US consumer confidence rose more than expected in March, climbing to its highest level since January 2008. The report was the latest in a string of positive reads on the economy that supported views that softness early this year was related to bad weather and not weakening fundamentals.

“Investors became momentarily concerned about valuation, but that pullback was healthy, and we could see modest gains from here just because equities remain the most attractive place to be,” said Kristina Hooper, head of portfolio strategies at Allianz Global Investors in New York, which has $475 billion in assets under management.

Biotech shares fell after a rebound at the open, extending their bearish streak for a fifth straight day. Some internet stocks were up after Monday’s mauling.

Investor spirits brightened after a meeting of Western leaders ended with little more than fist-shaking at Russia and news emerged that Moscow’s and Kiev’s foreign ministers had held an impromptu first meeting.

Sanctions have been imposed against Moscow for its seizure of Crimea, but investors say asset freezes have had little effect.
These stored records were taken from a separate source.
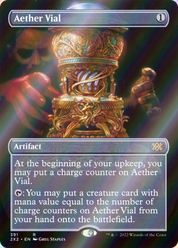 scryfall-93e26409-430b-419b-8cd2-1bce007f12d6-foil.png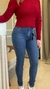 Calça Skinny Essencial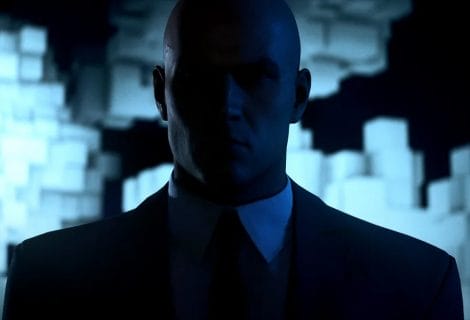 Hitman 3 aangekondigd voor de PlayStation 5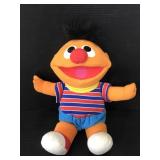 Vintage tickle me ernie
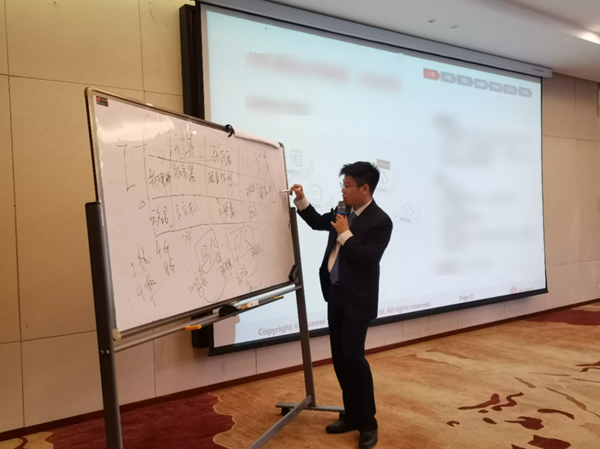 尊时凯龙·(中国区)人生就是搏!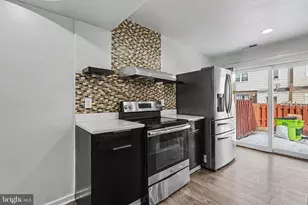 2502 Sedgewick Pl, Dumfries, VA 22026 - Photo 11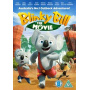 Animation - Blinky Bill the Movie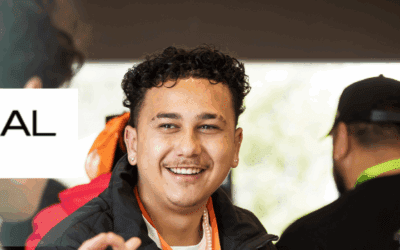 L’Oréal for Youth Update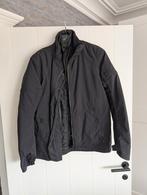 Dainese Gore Tex jas maat 52, Motoren, Kleding | Motorkleding, Ophalen of Verzenden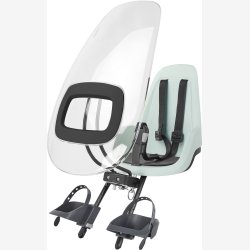 Forrude Bobike One Plus mini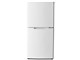 RZ-123W [�z���C�g]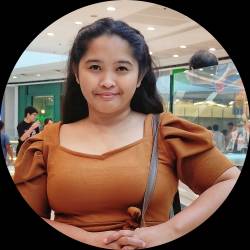 Customer Service Representative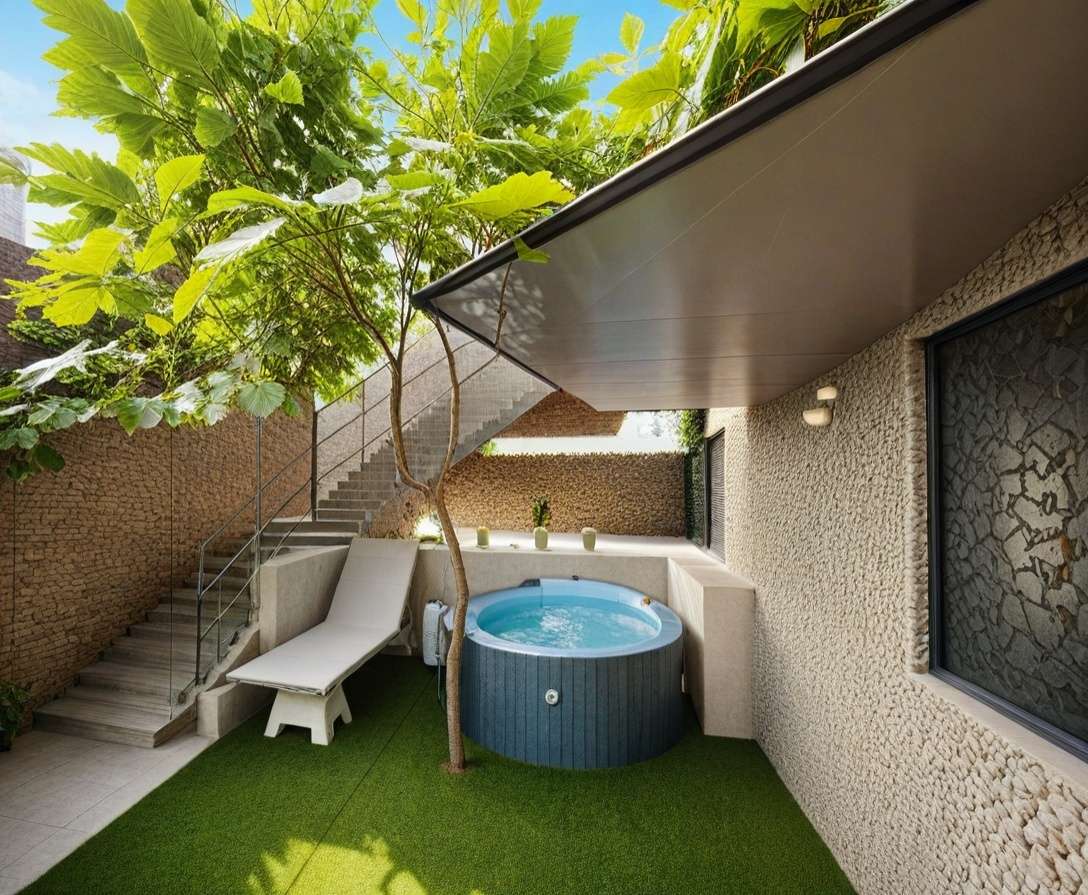 [object Object] - image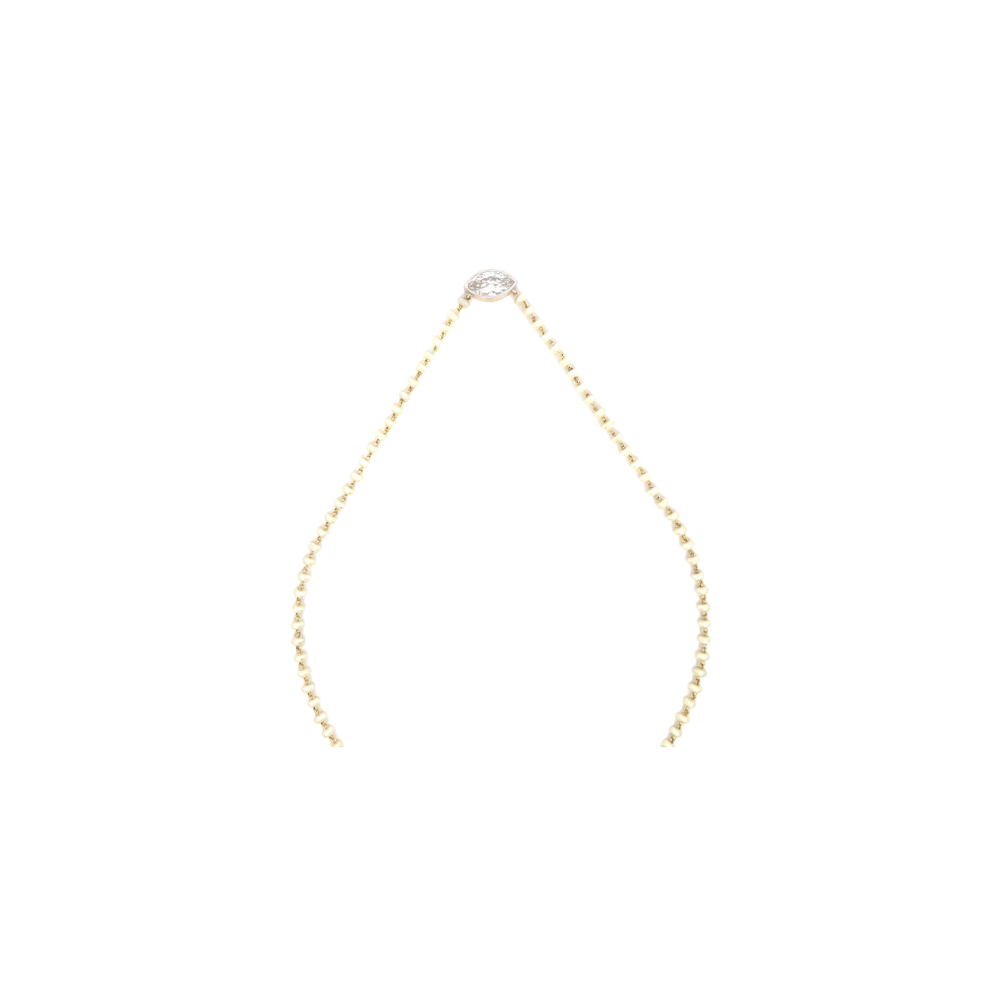RD SIXP0039P(WITH CHAIN)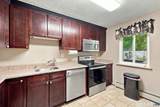 65 Westridge Road - Photo 14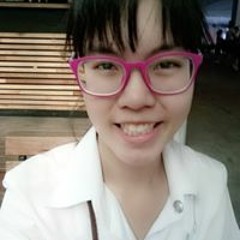 หลิวเหม่ย จินจู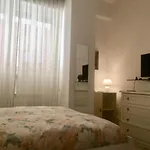 Appartamento A Roma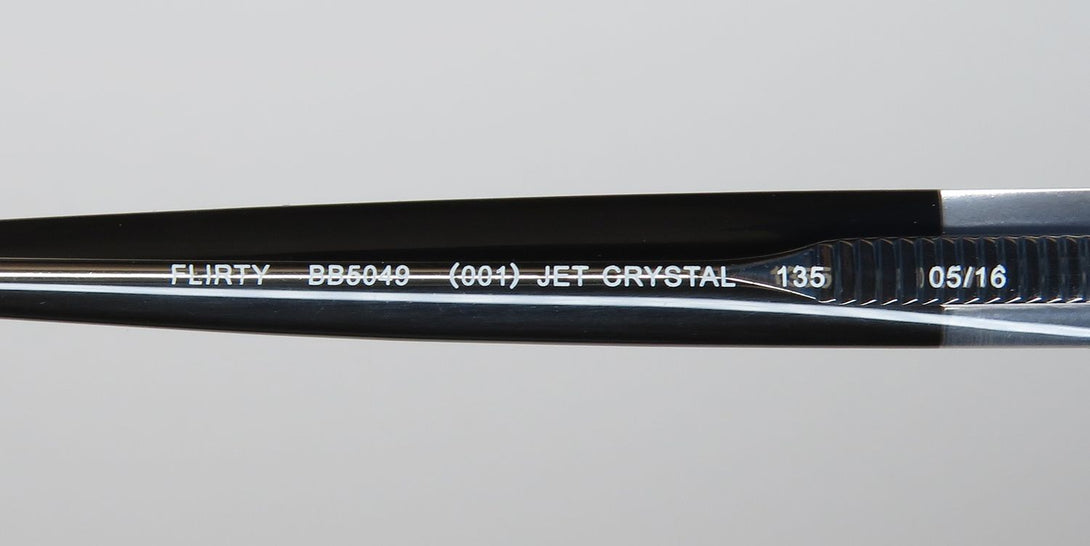 Color_jet crystal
Shares in Moscow rose, with the Micex Index gaining two per cent, while the rouble gained one per cent against the dollar.

The Dow Jones industrial average was up 27.62 points, or 0.17 per cent, at 16,304.31. The Standard & Poor’s 500 Index was down 0.31 points, or 0.02 per cent, at 1,857.13. The Nasdaq Composite Index was down 20.16 points, or 0.48 per cent, at 4,206.23

The rebound was an indication that while concerns persist about geopolitical tensions in Ukraine and slowing growth in China, investors were not bearish on equities wholesale.

A measure of world equity markets edged up 0.29 per cent.

Long-dated US debt prices fell and short-dated Treasury prices rose, interrupting a four-day trend in which shorter-dated debt weakened more quickly than longer-term bonds.

Two-year and five-year notes have been the worst performers since Fed chief Janet Yellen’s remarks that the central bank could raise rates six months after its current bond-buying programme ends, suggesting a potential hike by spring of 2015.

That has flattened the yield curve, narrowing the difference between short- and long-dated securities, which suggests more concern about higher rates and a bit less confidence in long-term growth.

Philadelphia Fed President Charles Plosser, a notably hawkish member of the Fed who has argued for an end to the Fed’s monthly bond-buying programme, told CNBC yesterday that Yellen had not made a mistake on her timing for a rate hike.

“We’ve moved a lot since Yellen’s press conference last Wednesday. The flattener is a crowded trade, you are seeing people taking off some positions for event risk,” said Charles Comiskey, head of Treasuries trading at Bank of Nova Scotia in New York.